Auto-Test: Learning Semantic-Domain Constraints for Unsupervised Error Detection in Tables
- Qixu Chun ,
- Yeye He (yeyehe) ,
- Weiwei Cui ,
- Song Ge ,
- Haidong Zhang ,
- Dongmei Zhang ,
- Surajit Chaudhuri
SIGMOD 2025 |
Data cleaning is a long-standing challenge in data management. While powerful logic and statistical algorithms have been developed to detect and repair data errors in tables, existing algorithms predominantly rely on domain-experts to first manually specify data-quality constraints specific to a given table, before data cleaning algorithms can be applied.
In this work, we propose a new class of data-quality constraints that we call Semantic-Domain Constraints, which can be reliably inferred and automatically applied to any tables, without requiring domain-experts to manually specify on a per-table basis.
We develop a principled framework to systematically learn such constraints from table corpora using large-scale statistical tests, which can further be distilled into a core set of constraints using our optimization framework, with provable quality guarantees.

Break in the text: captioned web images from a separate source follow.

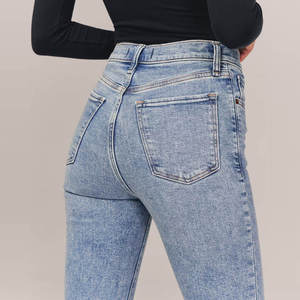Pantalon cargo en jean pour femme, en polyester, décontracté, avec logo personnalisé imprimé en relief, taille haute, qualité supérieure, OEM, vente en gros - Product Image 5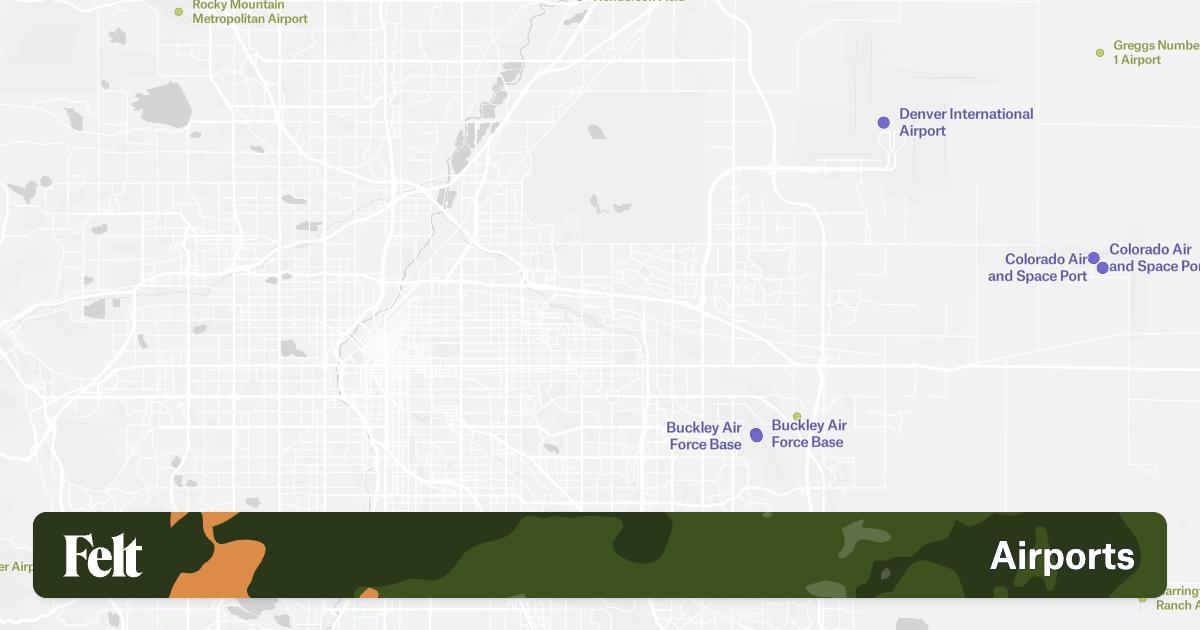 Airports in the city of Denver, Colorado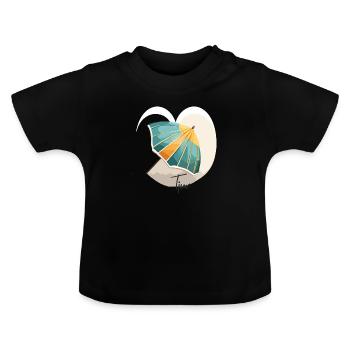 Time for myself - Baby Bio-T-Shirt mit Rundhals - Schwarz - Vorne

Extensive evaluations show that this new class of constraints can be used to both (1) directly detect errors on real tables in the wild, and (2) augment existing expert-driven data-cleaning techniques as a new class of complementary constraints.
Our extensively labeled benchmark dataset with 2400 real data columns, as well as our code are available at here (opens in new tab) to facilitate future research.